作者并未停留在坐而論道,他深知只有行動才是對理想最好的拓荒,除了例行的考察以外,他十分注意開展教育試驗,積極推廣教育改革成功的經驗。例如,他在任職期間,先后開展過“高效課堂”系列試驗、“師生雙向選擇”的試點、“師生互評”的試點與推廣。在這些試驗中,尤其是綜合性的“家校攜手共成長”,這項試驗集中的時間段有兩年,全市有一萬名教師和二十萬學生參與試驗。這項教育試驗的主要內容有:萬名教師訪萬家,萬名家長進校園,開展“書香萬家”讀書大獎賽等。實踐證明,這項教育試驗獲得了良好的效果,增強了家校之間的互相了解,增強了教師的責任感,提高了家長和教師尊重教育規律和學生成才規律的認識,營造了家校共育的教育生態。

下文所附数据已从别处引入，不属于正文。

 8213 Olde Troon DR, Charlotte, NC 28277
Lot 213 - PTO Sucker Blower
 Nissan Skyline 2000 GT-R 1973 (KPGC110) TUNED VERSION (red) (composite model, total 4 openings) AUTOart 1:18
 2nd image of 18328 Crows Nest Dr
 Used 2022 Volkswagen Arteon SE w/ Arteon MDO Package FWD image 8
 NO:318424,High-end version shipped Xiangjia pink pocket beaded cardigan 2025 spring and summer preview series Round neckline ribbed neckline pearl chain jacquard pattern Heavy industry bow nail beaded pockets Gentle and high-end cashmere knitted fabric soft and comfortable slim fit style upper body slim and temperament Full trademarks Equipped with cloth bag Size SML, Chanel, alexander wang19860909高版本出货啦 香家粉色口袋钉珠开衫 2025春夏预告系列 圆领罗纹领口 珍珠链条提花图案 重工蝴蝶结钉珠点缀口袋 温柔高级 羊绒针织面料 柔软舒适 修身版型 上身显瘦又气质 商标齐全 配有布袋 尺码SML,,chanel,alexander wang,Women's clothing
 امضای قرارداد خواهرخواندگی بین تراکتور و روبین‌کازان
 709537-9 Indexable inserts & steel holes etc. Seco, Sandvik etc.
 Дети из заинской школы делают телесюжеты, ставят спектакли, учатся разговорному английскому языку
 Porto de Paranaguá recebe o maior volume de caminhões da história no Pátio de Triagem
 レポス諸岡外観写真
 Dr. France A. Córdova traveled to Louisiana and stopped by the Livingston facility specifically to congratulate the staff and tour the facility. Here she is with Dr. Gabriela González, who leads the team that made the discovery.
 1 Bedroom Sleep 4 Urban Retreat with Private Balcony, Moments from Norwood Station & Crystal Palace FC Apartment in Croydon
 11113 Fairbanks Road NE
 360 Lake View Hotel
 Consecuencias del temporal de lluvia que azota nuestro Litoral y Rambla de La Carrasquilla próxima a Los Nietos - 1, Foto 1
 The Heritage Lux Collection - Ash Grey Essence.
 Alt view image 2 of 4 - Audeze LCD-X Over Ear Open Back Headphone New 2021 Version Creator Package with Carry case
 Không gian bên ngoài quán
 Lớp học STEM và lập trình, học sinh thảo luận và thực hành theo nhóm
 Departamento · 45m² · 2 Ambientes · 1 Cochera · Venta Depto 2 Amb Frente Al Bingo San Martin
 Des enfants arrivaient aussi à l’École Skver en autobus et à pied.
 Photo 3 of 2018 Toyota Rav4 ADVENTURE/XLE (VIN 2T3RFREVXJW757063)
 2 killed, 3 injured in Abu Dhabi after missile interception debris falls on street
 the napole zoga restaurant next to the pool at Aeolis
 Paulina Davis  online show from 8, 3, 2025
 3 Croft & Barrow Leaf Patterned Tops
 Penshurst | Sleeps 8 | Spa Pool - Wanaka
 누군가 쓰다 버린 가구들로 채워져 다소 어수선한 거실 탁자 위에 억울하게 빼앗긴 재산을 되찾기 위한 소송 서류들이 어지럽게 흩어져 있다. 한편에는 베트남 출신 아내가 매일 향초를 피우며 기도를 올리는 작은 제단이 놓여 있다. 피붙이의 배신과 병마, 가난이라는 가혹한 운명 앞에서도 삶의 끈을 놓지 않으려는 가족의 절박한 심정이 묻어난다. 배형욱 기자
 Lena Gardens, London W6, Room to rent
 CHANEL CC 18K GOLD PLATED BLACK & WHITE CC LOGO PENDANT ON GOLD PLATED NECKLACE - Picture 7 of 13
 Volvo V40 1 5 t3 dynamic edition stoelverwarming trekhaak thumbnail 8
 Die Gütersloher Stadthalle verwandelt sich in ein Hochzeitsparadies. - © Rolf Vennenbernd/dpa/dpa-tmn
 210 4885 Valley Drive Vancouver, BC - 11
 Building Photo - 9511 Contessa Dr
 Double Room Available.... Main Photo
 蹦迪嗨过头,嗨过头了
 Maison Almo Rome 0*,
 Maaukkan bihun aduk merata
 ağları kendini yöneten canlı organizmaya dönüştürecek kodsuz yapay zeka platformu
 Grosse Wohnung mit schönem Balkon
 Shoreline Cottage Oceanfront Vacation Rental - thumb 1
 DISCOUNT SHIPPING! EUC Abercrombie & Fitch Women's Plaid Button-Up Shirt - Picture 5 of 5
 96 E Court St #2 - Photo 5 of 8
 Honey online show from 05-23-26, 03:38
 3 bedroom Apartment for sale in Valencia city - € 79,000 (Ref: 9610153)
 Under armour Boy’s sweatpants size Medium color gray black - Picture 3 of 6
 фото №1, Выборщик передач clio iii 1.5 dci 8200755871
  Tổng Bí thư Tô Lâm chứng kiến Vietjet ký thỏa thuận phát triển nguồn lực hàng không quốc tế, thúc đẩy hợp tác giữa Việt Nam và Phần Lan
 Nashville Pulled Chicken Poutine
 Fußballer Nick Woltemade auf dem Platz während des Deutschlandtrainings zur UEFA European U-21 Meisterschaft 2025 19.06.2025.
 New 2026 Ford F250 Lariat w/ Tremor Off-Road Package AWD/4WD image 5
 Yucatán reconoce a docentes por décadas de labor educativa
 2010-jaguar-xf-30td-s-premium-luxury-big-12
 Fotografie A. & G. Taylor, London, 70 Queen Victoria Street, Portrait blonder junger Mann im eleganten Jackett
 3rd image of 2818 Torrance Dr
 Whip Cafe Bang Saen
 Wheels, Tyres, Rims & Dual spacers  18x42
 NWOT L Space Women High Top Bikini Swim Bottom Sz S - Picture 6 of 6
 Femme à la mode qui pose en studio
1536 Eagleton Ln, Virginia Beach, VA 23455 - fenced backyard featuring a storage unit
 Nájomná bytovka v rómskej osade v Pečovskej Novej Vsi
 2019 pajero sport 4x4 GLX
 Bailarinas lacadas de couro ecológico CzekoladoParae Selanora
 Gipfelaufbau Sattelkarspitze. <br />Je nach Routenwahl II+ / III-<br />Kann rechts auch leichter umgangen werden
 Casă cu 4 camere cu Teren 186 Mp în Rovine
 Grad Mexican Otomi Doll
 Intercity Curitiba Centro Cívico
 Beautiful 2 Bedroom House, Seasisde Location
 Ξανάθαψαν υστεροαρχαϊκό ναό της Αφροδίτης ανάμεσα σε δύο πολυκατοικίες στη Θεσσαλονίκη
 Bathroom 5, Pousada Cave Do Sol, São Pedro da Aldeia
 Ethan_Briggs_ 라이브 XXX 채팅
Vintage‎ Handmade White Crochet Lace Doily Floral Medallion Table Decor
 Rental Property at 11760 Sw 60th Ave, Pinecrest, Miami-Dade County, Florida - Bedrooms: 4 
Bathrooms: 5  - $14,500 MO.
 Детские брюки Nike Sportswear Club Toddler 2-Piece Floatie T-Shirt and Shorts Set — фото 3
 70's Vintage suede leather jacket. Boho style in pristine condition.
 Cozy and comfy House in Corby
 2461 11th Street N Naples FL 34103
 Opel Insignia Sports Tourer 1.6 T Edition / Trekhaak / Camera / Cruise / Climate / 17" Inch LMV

上述教育試驗所取得的成就,顯示了一個教育家的遠見卓識和改革的魄力,改革的燦爛之花,必然結出豐碩的教育之果。本書不是秘書代筆,也不是官腔講話的匯編,而是作者親力親為親筆撰寫的紀實。全書文字優美,筆調輕松,讀來有如親臨其境之感,也會使家長獲得教育的啟蒙。借作序之際,我愿向廣大的學生、家長、教師和教育管理者推薦此書,相信你們將從中會受到啟迪。同時,我也借機呼吁更多的教育行政管理者,努力學習教育理論,投身到教育試驗中來,使自己成為有所作為的教育家;希望家長們真的能端正教育價值觀,去掉教育的功利性,回歸到教育的啟蒙和解放的功能上,放飛你們的孩子吧!
此忝為序。
(黃延平:《問家長——一個教育局長的反思》,武漢大學出版社2018年版)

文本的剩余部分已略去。